• [Activity] Among the lines below, copy exactly those from the one with "Dutch Bros Dutch" through the one with "(NEW YORK CITY", counting both ends.
--- Material supplied ---
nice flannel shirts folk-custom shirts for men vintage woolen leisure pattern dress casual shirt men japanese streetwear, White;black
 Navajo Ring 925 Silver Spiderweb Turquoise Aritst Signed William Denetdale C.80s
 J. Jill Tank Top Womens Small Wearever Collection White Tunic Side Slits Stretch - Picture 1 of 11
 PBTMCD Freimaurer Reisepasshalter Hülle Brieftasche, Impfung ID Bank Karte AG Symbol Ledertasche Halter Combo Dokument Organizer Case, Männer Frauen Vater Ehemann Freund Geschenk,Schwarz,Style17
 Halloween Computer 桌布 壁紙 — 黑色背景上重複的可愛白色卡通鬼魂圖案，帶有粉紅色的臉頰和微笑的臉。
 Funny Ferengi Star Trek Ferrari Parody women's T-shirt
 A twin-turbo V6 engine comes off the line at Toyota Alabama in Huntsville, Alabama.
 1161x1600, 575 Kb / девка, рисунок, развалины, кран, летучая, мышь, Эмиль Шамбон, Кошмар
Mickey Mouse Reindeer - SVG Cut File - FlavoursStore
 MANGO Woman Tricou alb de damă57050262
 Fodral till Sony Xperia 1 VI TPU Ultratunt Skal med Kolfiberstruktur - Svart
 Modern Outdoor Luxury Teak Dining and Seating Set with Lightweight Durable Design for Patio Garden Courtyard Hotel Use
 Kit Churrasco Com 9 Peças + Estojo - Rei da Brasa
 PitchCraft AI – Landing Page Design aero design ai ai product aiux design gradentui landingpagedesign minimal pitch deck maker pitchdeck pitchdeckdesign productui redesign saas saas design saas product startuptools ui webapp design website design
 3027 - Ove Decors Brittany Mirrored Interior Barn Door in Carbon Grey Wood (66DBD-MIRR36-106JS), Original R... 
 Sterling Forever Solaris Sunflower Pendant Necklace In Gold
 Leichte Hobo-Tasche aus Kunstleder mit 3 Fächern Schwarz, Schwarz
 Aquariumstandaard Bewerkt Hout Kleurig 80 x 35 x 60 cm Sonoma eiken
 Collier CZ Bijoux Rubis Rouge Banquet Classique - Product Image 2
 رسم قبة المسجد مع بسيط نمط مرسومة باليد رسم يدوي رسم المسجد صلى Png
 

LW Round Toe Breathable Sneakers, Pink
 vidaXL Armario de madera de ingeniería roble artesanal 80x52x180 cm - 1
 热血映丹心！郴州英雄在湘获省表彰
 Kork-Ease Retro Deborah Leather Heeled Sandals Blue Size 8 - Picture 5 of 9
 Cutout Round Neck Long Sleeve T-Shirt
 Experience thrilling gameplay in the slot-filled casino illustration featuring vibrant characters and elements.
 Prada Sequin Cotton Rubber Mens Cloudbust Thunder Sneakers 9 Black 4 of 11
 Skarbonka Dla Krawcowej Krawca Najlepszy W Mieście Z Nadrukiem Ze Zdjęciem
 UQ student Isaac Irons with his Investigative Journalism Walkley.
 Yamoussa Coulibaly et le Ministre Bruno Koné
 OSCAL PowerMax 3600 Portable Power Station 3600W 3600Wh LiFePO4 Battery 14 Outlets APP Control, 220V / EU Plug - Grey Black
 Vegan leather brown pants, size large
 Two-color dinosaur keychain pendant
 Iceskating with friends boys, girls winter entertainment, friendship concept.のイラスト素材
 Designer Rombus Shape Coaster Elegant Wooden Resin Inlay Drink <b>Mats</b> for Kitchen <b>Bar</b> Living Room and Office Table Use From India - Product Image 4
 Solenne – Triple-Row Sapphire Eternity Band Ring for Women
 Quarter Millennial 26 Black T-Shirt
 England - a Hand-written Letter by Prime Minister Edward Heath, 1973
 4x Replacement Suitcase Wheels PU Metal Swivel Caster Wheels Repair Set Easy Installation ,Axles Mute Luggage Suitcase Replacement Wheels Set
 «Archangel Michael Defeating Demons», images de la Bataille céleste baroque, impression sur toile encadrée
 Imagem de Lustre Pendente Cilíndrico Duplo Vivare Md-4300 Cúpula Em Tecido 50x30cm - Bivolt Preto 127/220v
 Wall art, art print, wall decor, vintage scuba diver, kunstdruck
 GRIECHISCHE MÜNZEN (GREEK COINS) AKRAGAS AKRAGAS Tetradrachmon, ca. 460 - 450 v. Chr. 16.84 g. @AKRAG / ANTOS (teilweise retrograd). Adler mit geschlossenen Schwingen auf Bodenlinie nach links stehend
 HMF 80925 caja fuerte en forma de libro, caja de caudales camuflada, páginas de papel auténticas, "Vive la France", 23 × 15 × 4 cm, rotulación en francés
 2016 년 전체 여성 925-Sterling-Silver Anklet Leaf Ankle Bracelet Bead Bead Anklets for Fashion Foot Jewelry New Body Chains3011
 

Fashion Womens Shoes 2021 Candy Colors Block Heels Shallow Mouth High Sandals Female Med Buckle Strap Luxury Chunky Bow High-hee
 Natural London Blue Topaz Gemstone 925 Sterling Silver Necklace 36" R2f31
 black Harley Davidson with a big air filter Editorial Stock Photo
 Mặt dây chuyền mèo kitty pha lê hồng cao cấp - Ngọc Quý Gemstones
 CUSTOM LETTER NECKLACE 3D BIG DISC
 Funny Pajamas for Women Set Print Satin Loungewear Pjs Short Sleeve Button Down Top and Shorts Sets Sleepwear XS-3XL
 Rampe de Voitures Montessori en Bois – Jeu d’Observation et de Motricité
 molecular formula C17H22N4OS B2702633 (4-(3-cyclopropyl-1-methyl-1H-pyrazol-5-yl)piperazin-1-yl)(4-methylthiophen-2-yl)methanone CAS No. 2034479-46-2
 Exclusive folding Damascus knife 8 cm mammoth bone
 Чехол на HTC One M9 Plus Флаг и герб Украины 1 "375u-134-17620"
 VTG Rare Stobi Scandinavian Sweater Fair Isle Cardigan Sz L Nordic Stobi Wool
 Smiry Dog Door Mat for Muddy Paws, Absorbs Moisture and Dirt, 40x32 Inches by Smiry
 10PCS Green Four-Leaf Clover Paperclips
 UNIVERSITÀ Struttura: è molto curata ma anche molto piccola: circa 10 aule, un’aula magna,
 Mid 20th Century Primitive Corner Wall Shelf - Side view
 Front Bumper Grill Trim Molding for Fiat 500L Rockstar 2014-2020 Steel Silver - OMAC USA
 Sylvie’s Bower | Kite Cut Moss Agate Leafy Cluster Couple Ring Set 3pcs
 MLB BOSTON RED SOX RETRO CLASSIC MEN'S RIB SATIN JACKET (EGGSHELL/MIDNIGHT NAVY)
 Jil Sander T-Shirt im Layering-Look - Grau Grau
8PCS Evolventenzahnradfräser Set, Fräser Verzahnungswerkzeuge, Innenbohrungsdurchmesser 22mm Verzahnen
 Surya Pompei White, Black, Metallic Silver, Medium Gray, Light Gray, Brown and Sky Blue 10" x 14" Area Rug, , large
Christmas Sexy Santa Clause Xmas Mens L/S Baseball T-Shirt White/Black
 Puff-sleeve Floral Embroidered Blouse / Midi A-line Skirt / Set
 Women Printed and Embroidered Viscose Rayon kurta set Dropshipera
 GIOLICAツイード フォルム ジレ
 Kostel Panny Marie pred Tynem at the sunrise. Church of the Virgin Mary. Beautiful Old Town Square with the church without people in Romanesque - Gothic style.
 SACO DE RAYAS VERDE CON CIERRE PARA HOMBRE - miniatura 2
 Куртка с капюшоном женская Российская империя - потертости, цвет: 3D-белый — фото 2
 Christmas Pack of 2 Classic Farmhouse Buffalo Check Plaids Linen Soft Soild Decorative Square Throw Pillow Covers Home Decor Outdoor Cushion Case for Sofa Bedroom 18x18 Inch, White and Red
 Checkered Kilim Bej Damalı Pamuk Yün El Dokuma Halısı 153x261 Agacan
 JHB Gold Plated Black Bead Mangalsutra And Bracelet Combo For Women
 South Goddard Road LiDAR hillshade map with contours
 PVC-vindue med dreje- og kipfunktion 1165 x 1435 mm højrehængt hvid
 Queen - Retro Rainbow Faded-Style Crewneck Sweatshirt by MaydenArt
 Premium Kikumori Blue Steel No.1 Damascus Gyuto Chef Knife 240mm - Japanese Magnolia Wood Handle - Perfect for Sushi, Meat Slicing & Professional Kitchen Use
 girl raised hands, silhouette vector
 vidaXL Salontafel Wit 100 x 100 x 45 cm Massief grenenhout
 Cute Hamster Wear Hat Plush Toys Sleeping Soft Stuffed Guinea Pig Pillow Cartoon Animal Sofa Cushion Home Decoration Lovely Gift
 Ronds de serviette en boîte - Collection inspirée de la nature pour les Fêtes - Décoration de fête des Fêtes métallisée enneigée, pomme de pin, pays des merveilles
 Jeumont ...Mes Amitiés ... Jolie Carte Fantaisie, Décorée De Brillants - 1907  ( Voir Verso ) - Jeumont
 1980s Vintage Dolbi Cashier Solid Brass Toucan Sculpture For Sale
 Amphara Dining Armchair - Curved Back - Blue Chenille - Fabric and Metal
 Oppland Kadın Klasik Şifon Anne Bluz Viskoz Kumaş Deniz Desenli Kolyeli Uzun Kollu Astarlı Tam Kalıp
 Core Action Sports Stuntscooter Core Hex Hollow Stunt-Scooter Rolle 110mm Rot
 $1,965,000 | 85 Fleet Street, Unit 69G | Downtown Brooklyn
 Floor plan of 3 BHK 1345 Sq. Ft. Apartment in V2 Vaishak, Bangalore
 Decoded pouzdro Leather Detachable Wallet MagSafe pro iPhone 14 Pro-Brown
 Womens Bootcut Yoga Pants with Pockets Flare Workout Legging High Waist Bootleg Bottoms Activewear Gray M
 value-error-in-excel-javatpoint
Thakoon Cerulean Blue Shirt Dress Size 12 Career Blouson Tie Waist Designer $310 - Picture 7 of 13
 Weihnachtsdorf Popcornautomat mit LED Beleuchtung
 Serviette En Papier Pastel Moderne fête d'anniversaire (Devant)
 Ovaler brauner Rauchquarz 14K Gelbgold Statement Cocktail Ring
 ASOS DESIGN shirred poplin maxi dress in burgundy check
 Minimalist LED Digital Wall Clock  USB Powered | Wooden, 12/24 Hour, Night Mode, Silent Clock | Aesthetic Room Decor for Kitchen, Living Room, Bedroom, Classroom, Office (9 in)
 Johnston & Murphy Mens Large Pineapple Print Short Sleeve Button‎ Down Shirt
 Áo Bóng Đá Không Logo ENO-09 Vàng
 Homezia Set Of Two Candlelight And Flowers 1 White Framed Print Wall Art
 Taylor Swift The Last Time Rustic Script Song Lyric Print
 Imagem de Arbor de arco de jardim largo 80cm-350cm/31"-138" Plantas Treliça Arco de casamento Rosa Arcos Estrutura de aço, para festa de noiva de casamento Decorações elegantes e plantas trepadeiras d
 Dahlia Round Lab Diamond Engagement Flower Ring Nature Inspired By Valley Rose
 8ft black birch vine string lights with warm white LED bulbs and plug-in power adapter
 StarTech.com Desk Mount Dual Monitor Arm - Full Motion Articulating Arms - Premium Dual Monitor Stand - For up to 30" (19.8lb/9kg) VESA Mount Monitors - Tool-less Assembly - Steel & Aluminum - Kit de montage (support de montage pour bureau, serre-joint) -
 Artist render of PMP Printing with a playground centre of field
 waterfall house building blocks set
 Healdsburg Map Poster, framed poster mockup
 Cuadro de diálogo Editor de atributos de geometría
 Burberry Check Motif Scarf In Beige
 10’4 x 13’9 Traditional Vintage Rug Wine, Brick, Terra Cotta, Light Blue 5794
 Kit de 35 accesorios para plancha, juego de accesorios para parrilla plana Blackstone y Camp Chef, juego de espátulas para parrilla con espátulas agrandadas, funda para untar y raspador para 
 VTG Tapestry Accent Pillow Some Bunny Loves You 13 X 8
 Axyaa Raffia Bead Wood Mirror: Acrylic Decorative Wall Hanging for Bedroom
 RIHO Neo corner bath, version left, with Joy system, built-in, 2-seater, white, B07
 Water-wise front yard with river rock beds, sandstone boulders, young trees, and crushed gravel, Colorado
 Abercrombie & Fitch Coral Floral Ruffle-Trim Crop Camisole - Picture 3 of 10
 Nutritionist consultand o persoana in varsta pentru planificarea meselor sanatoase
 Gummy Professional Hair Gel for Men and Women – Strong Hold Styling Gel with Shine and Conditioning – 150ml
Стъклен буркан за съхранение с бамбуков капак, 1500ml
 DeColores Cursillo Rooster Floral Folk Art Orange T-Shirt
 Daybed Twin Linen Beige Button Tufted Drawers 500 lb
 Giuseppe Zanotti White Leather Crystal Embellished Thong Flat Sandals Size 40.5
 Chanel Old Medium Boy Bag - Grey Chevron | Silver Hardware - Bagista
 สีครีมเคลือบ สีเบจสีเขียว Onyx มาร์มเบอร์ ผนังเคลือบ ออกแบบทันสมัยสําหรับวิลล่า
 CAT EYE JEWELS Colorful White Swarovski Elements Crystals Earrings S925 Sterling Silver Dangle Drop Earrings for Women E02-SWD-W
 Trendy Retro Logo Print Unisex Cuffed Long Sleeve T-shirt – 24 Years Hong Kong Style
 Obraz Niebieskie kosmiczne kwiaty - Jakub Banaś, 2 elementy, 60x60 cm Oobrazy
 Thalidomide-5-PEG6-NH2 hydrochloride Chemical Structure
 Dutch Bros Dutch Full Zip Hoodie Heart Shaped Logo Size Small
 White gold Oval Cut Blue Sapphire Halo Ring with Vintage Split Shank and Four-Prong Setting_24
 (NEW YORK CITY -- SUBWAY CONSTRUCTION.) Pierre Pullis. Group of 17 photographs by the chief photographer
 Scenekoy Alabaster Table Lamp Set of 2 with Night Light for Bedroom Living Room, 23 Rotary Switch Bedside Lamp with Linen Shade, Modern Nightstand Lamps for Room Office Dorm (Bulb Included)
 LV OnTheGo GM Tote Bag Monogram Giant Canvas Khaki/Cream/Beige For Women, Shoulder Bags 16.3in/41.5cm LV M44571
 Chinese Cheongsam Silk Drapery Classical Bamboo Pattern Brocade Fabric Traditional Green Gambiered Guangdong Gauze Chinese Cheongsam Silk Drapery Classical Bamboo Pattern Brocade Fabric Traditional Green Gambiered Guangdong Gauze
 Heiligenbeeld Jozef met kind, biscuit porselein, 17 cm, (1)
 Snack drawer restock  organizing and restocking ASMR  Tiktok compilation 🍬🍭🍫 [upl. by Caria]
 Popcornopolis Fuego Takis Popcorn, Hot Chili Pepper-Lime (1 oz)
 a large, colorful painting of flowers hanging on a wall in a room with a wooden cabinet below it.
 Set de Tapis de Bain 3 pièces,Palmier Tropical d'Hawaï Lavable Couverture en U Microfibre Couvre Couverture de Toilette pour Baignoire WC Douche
---
• [Output for this task]
 Dutch Bros Dutch Full Zip Hoodie Heart Shaped Logo Size Small
 White gold Oval Cut Blue Sapphire Halo Ring with Vintage Split Shank and Four-Prong Setting_24
 (NEW YORK CITY -- SUBWAY CONSTRUCTION.) Pierre Pullis. Group of 17 photographs by the chief photographer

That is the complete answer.